If you do not believe in celebrating or even commemorating the birth of Jesus Christ, why bother with Christmas? We can give gifts any time of year, really. What’s the story of Christmas if there is nothing to commemorate? We made up(or embellished) a story and an icon which gives us an excuse to be kind, generous, loving. Why do we need a reason? What’s the point in being kind, generous and loving? Where does that drive for us to do good things come from?

Could there be someone greater than ourselves who created us with a built-in desire for friendship, brotherhood, and community and dare I say, a homing device that draws our hearts to him? What would our world look like if we actually pursued good will and the Christmas spirit for no other reason than out of gratitude to our creator who gives us everything? Ah, but then we would need to believe in this person? Seems we need to believe in something one way or the other.

I know, I know, lots of questions. Tell me, what do you think?

Just when you thought…

Our kids are taught a new virtue each month in their Orchard Kids Wahabu class. This month the virtue is generosity. In combination with the grown up church, the kids are also learning about the clean water crises around the world. They talked in small group about what they could do to help whether it was give something from their piggy bank or maybe give up a Christmas gift and ask mom & dad to donate that money toward the clean water project.

So Doug gets a note from Maddie saying she would like to give up the Panda she was asking for and would we donate that money to the water project?

Of course we couldn’t have afforded the $60 Panda anyway but we will happily donate a portion of her Christmas gift budget.

Moms, gifts, and Christmas guilt

I received a Christmas-themed email survey the other day. You know the ones where you copy and paste it onto a new email, type over the sender’s answers and forward along. I love those. Seriously I do. One question is nagging at me tonight. It was “Worst thing about this time of year”. My answer was “feeling guilty about the things I didn’t get done”.

Tonight, Maddie is having more insomnia. She and I talked in her room for about 30 minutes and along with discovering the source of her insomnia she informs me that she’d like to have a Barbie cruise ship. I believe “Party Ship” is the correct name. She says it has a pool on it, beds, and a buffet. A buffet? Really? Shoot. I’D get a Barbie party ship in that case. $70. Seriously $70. Plus also, she’d like the Alive Panda which is technically called the WowWee Alive Cubs Panda. Um, yeah $60. Aside from being monstrously out of our budget, I know darn well if we were to get one for Maddie, Annaliese and JD would want one too. Well, JD wouldn’t want the cruise ship. Just a missile system to sink it. That’s another story. 

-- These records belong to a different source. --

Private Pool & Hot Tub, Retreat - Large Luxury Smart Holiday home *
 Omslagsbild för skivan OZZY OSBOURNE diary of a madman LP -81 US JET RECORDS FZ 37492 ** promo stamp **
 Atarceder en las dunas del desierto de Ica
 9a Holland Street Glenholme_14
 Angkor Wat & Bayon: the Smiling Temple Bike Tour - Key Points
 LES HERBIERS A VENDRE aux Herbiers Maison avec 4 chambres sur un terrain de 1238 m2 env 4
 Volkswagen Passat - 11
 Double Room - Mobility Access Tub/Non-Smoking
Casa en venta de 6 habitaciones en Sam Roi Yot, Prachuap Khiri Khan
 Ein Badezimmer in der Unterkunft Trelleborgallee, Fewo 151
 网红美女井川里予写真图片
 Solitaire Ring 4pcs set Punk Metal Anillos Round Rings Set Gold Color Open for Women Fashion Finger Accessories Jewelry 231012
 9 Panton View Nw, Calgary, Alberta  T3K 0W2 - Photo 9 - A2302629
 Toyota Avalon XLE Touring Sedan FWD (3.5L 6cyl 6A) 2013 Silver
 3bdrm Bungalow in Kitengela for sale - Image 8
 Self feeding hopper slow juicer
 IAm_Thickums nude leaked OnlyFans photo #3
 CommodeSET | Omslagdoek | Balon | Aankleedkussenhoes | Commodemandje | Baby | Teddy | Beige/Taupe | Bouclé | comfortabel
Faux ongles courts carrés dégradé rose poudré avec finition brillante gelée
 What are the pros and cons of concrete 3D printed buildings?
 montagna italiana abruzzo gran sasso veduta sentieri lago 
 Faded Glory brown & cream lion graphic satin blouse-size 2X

Let’s bring it back to our actual budget. If I get Maddie a Shimmer Princess Belle doll and Annaliese gets an Aurora (Sleeping Beauty) doll, they will each want the other’s doll even though I know Maddie has been obsessed with Belle for a year and Annaliese with Sleeping Beauty. I know full well that if I get JD and Annaliese a couple of Thomas and Friends engines, Maddie will want one — even if she doesn’t like to play with them as much as the younger ones. We can’t get 3 of everything and I get that they need to learn to like what they get(which, really they are always thankful).

What I’m confessing is that in these situations, I don’t want to be the mom. I want to be the fun aunt that gives and leaves. I don’t want to teach anyone about sharing or respecting another’s stuff. I’m tired of the whining. I’m tired of not being able to get everything they want even though I know it still wouldn’t satisfy them. Crap. Now I’M whining. And I know the kids will get over it and move on with their lives but I’m just that neurotic to mull this over in my mind for years about how I failed to give them the coolest toy ever. I can’t take that much guilt and pressure.

OK now that I’ve spewed that out, I will be praying for Santa to actually exist and surprise us all with cool expensive toys that will sit on my driveway some summer with a $2 price tag on it.